Nutrition fun facts: With their orange and yellow flesh, winter squash serve up high levels of alpha-carotene and beta-carotene, which converts to Vitamin A. They are also a good source of Vitamin Cm a healthy source of fiber, contain antioxidant and anti-inflammatory compounds and polysaccharides that help regulate and/or control blood sugar.
Storage tips: Squash store best at an even 50°F in a dark place. This could be a cool and dark shelf, cabinet, or drawer in the kitchen, pantry, or closet. They also store well in a warmer section of the root cellar such as on the top shelf. If storing for winter, keep squash away from ripening fruits like apples or pears, and attempt to keep the squash from touching one another by wrapping them with cloth. Check your squash often and discard any rotting squash immediately. Properly stored squash can last through January or February.
Preparation tips: Winter squash can be baked, boiled or steamed. Make sure the squash is rinsed under running water before it is peeled or cut. The quickest and healthiest way to prepare winter squash is to steam it. If you choose to steam winter squash, make sure it is peeled, the seeds are removed and it is cut into cubes; steaming time takes about seven minutes. If you decide to bake your squash, it doesn’t need to be peeled. Remove the ends and cut the squash in half, lengthwise down the middle. Pierce the meat of the squash a few times and bake in a pan until tender. The seeds and skin can be easily removed after it has been baked.
Don’t forget to save the seeds that you scoop out of your winter squash! Seeds are a healthy and delicious snack food and can prepared the same way as pumpkin seeds. Squash seeds need to separated from the pulp before baking. Lay them in a single layer on a cookie sheet and bake at 160 to 170 degrees, for about 15 to 20 minutes or until tender.

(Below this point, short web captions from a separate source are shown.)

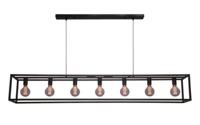 Freelight Hanglamp Esteso 7 lichts L 168 cm B 25 cm zwart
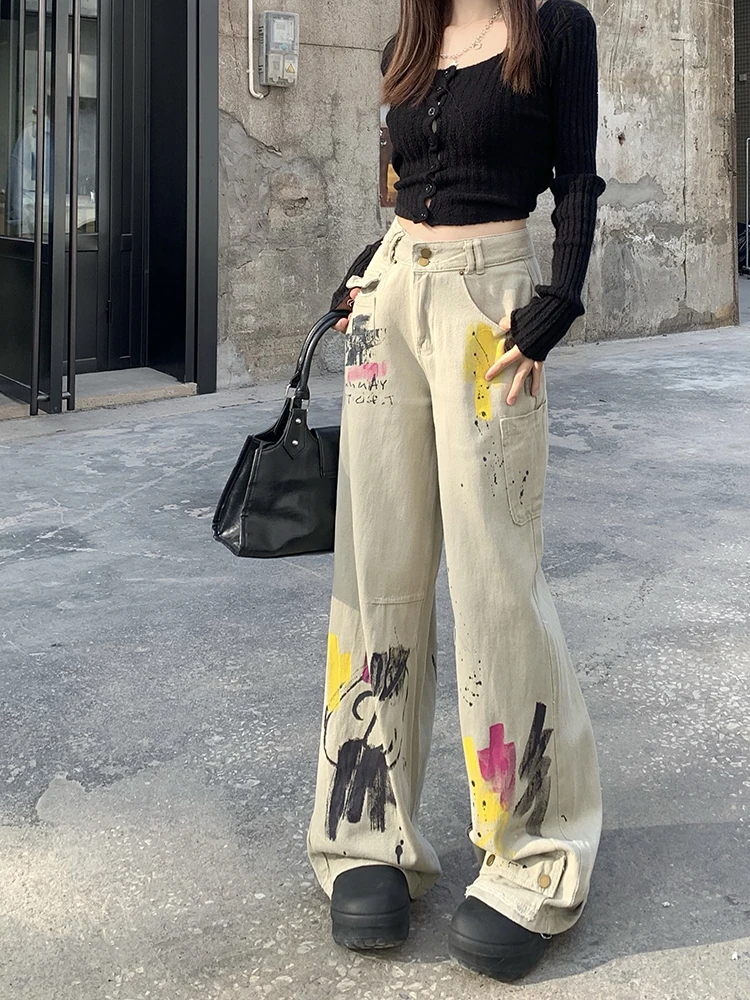 WCFCX STUDIO винтажные джинсы с принтом граффити высокой талией свободные широкие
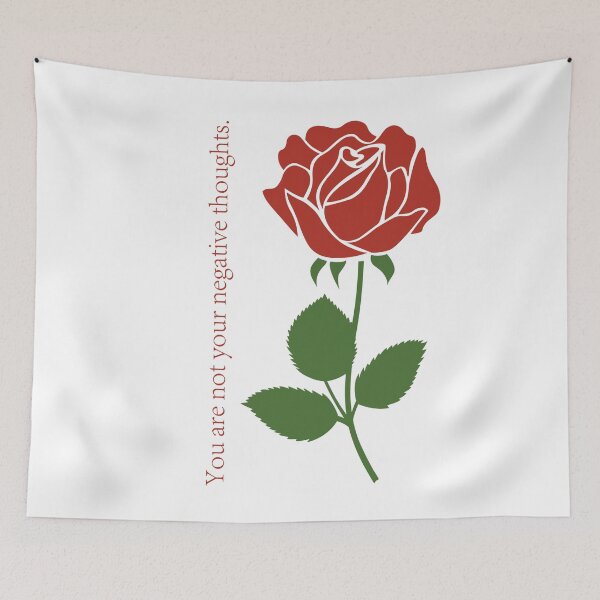 Item preview, You are not your Negative Thoughts - Beautiful Red Rose Picture designed and sold by Unaiza Khalid.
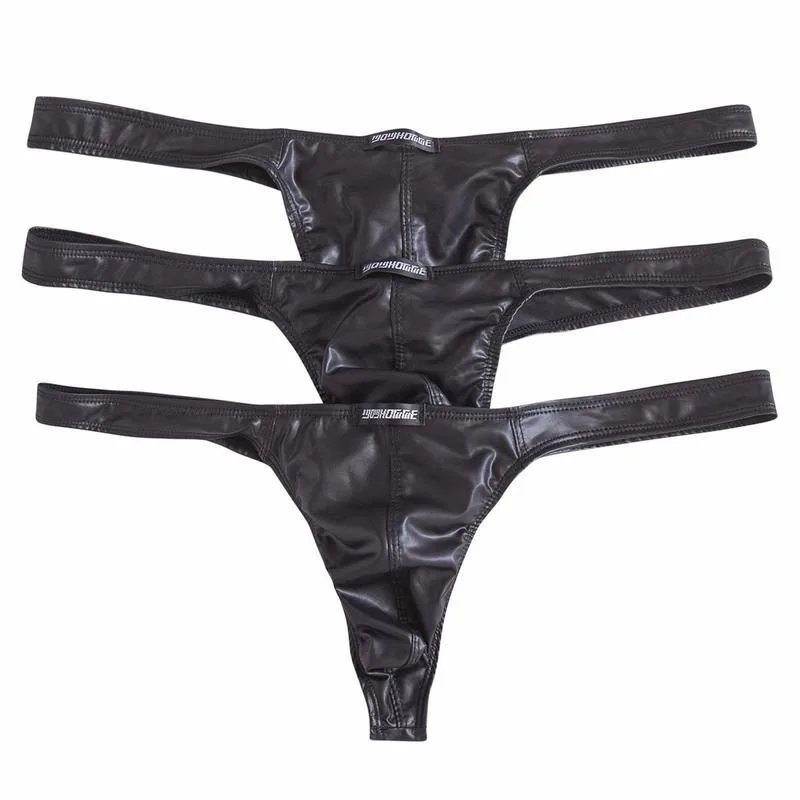 3PCS/Lots Sexy Men Thong G-string Jockstrap PU Leather Micro Bikini Exotic T-back Panties Gay Thongs Latex Panties Tangas Briefs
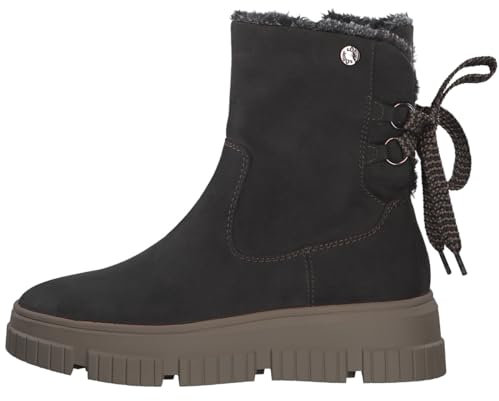 s.Oliver Damen Winterstiefeletten ohne Absatz Gefüttert Plateau Vegan Grau (Graphite), 38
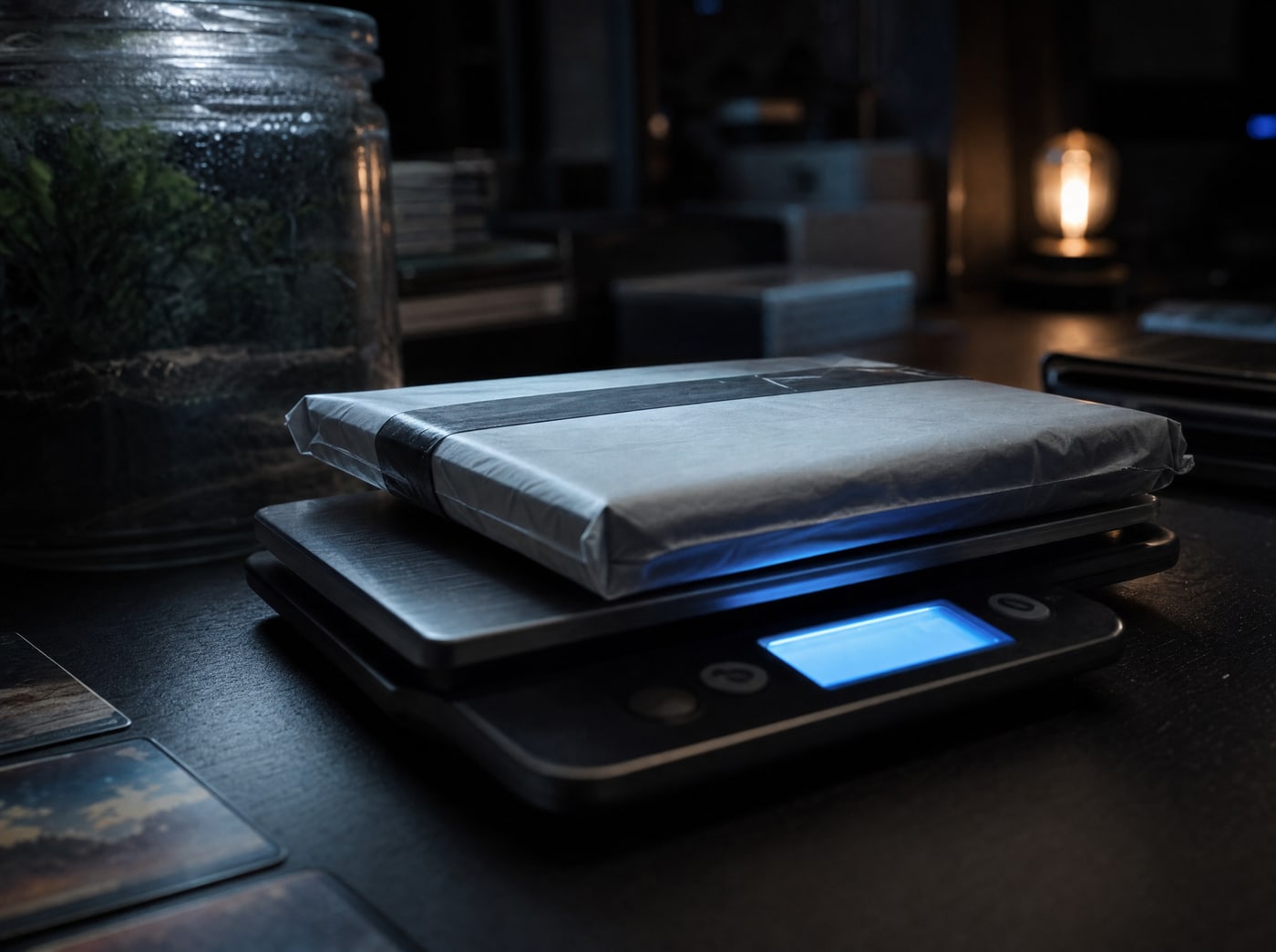 A postal scale on a dark desk with a small package resting on it, its display glowing but unreadable.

Put oven racks in upper and lower thirds of oven and preheat oven to 450F. Halve squash lengthwise, then cut off and discard stem ends. Scoop out seeds and cut squash lengthwise into 3/4-inch-wide wedges. Toss squash with black pepper, 3/4 teaspoon salt, and 2 tablespoons oil in a bowl, then arrange, cut sides down, in 2 large shallow baking pans. Roast squash, switching position of pans halfway through roasting, until squash is tender and undersides of wedges are golden brown, 25 to 35 minutes.
While squash roasts, mince garlic and mash to a paste with remaining 1/4 teaspoon salt. Transfer paste to a small bowl and whisk in lime juice, chile (to taste), cilantro, and remaining 1/4 cup oil until combined. Transfer squash, browned sides up, to a platter and drizzle with vinaigrette.